The organ is embedded in the skin of mormyrid fishes, which actively electrolocate by generating brief electrical pulses with their electric organ. The returns from the pulses, distorted by any nearby objects such as prey, are detected by the knollenorgans distributed around the fish's body.

A Knollenorgan is an electroreceptor in the skin of weakly electric fish of the family Mormyridae (Elephantfish) from Africa. The structure was first described by Viktor Franz (1921), a German anatomist unaware of its function. They are named after "Knolle", German for "tuberous root" which describes their structure.

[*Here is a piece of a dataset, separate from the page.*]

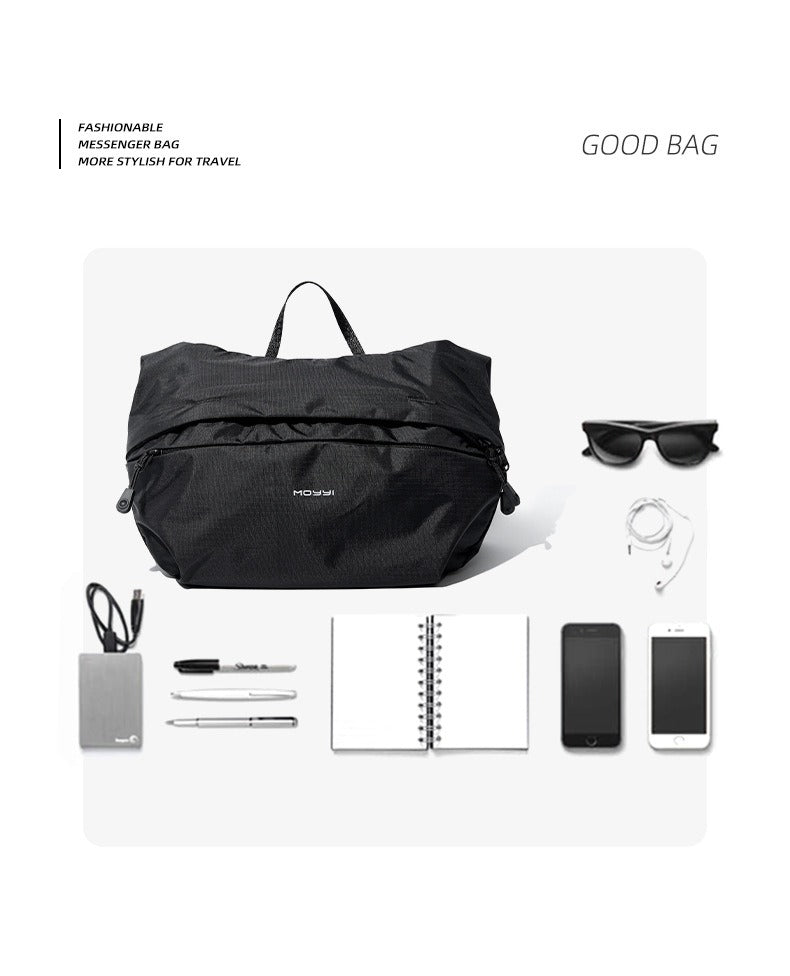 MOYYI Herren Crossbody Sling Bag – Oxford Streetwear Messenger Rucksack für Pendler &amp; Radfahrer UK | 3520 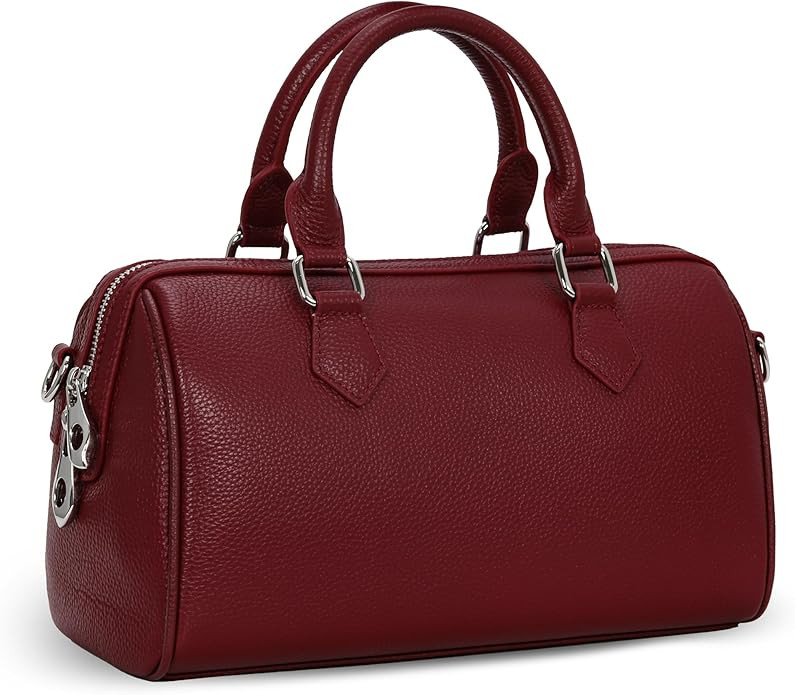 HESHE Leather Top Handle Bags for Women Leather Purses Tote Bag Satchel Handbags Shoulder Bag Des... | Amazon (US)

== Structure and function ==

Knollenorgans contain modified epithelial cells that act as sensory transducers for electric fields. Besides these, there are supporting cells and a sensory neuron. The neuron projects to the fish's brain, specifically to the nucleus of the electrosensory lateral line lobe (nELL) of the medulla via the posterior branch of the lateral line nerve.

The organs are embedded in the thickened epidermis. The receptor cells lie buried in the deeper layers of the epidermis, where they expand into a pocket in the superficial layers of the corium. The sense organ is surrounded by a basement membrane which separates corium from epidermis. Epithelial cells form a loose plug over the sensory receptors, allowing capacity-coupled current to pass from the external environment to the sensory receptor.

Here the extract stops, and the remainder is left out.